Glee’s Rocky Horror episode failed to touch-a, touch-a, touch-a, touch Garland Grey at Tiger Beatdown:

“Early on in the episode Mike volunteers to play Dr. Frank-N-Furter, but a few scenes later he says his parents won’t allow him to play a ‘tranny’. Mercedes takes the role, delivering a show stopping version of ‘Sweet Transvestite’, but the word ‘transsexual’ is replaced by ‘sensational’. For Glee, transpeople are punch lines, not anyone the show needs to fucking think about. While doing Rocky Horror Picture Show, a musical whose entire message is about accepting people’s sexuality and gender.

“Can we just cut out losses and rename this show Chord Overstreet in Tiny Gold Shorts? Clearly, he is fanservice and I don’t even care… However, as much as I appreciated seeing his abs, I didn’t care for the oddly-specific diet regimen he blurts out before showing them or the comically small weights Artie was holding. Artie’s a paraplegic, pushing himself everywhere in his wheelchair, lifting himself in and out of it dozens of times a day, and THAT is the biggest weight he’s lifting? That weight is a clear signal to the audience that Artie doesn’t belong in the locker room and is only there to provide comic relief…”

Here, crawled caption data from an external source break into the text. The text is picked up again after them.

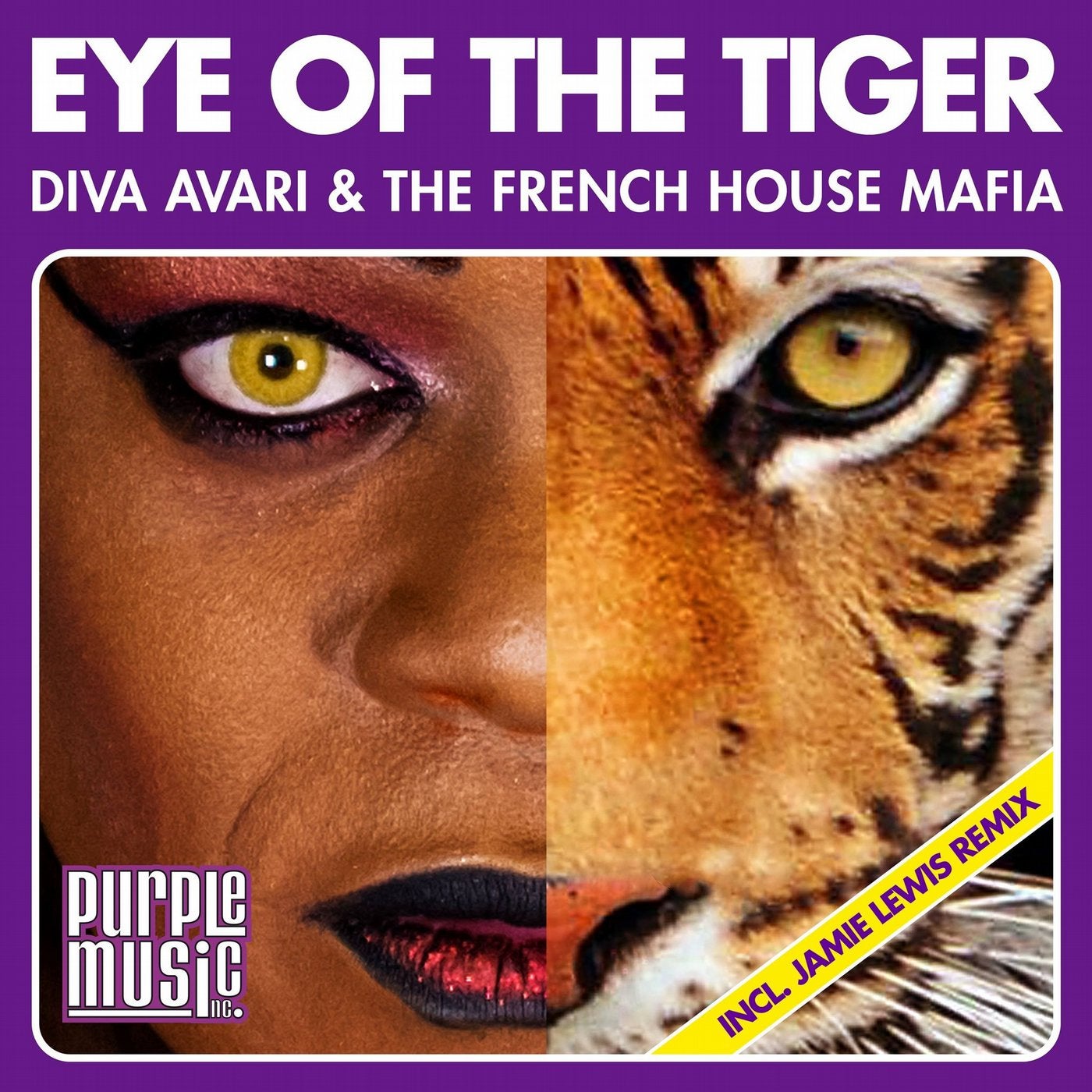 Diva Avari, The French House Mafia - Eye Of The Tiger (Jamie Lewis Sex On  The Beach Mix) [Purple Music] | Music & Downloads on Beatport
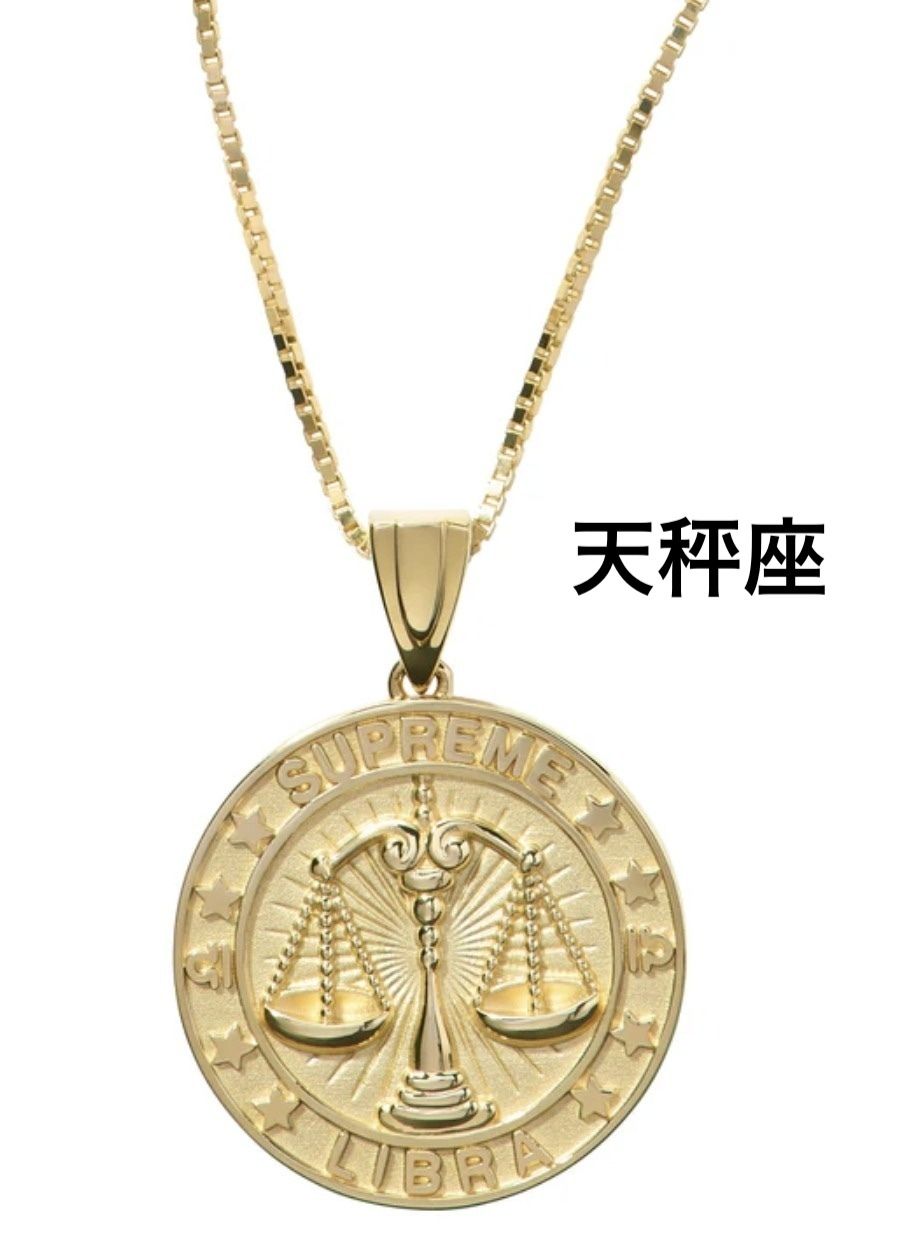 SUPREME x Jacob&Co☆14Kゴールド ゾディアック ペンダント (Supreme
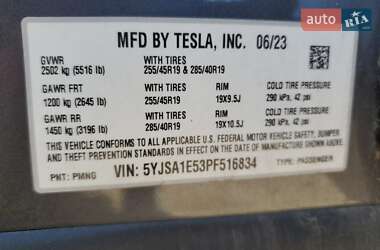 Лифтбек Tesla Model S 2023 в 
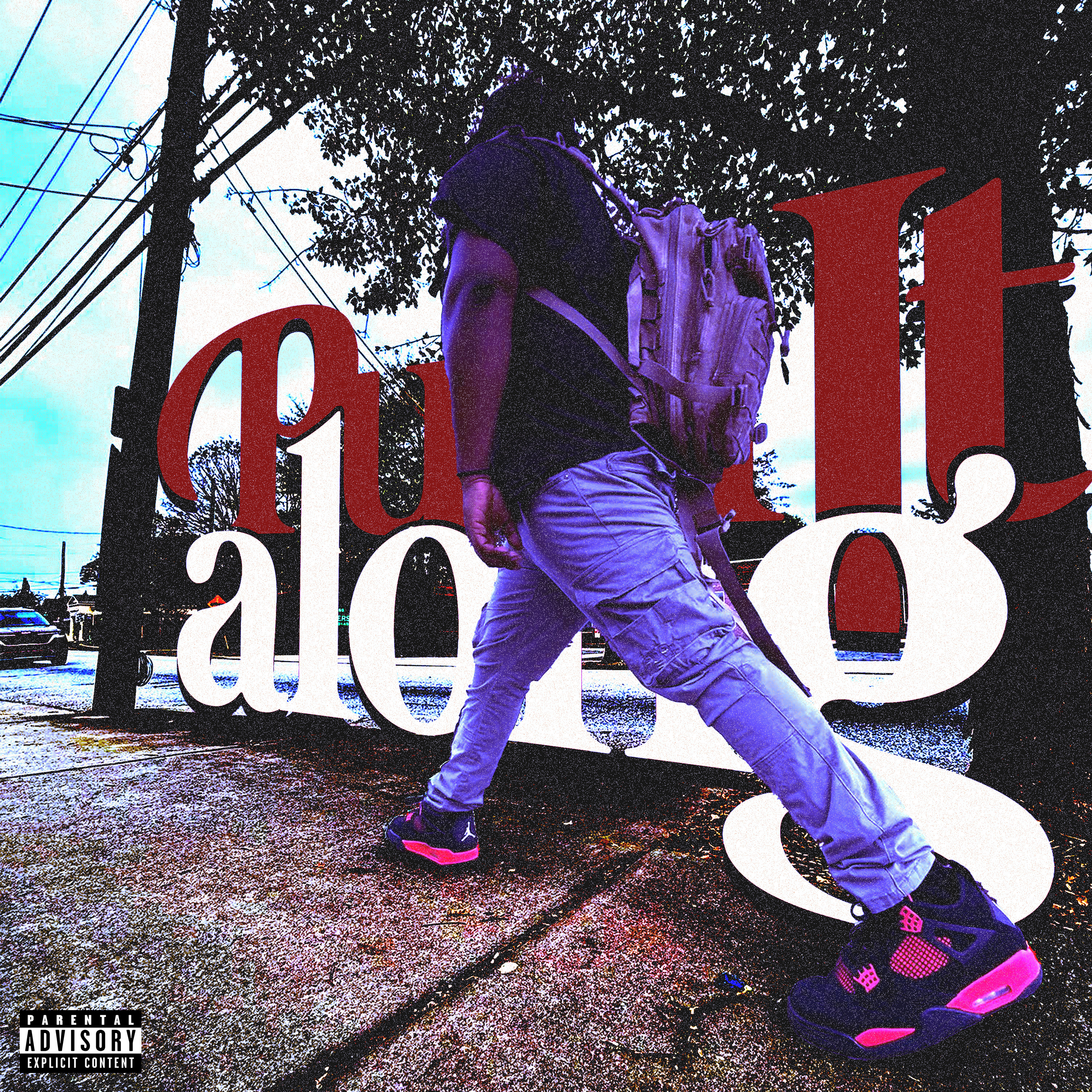 PUSH IT ALONG artwork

The four types of Facebook friends, according to Susan Orlean.

The Pervocracy on the “Slut, Deconstructed”:

“I’m 25. I lost my virginity at 15. So 26 partners is only two or three a year. It’s hardly going home with a new guy every night. To break it down further, 6 of those partners were serious romantic relationships, and you can’t call a girl slutty for sleeping with her own boyfriend, right? So now it’s 20 casual partners over 10 years—a raging, wild, man-eating two per year. I’m so cock-crazy I need it every six months, baby…

“Oh, and a woman in ‘my god, you can see her everything’ clothing dancing on tables and flirting with every guy in the bar might be a virgin for all you know about her.”

It’s the wrong time of year here, but there’s not many things I love more than trawling through the gossip magazines in summer, style-stalking the celebrities in Aspen and New York, longing for cool weather again to break out the beanies, woollen cardigans and shearling coats (okay, wrong continent for shearling!).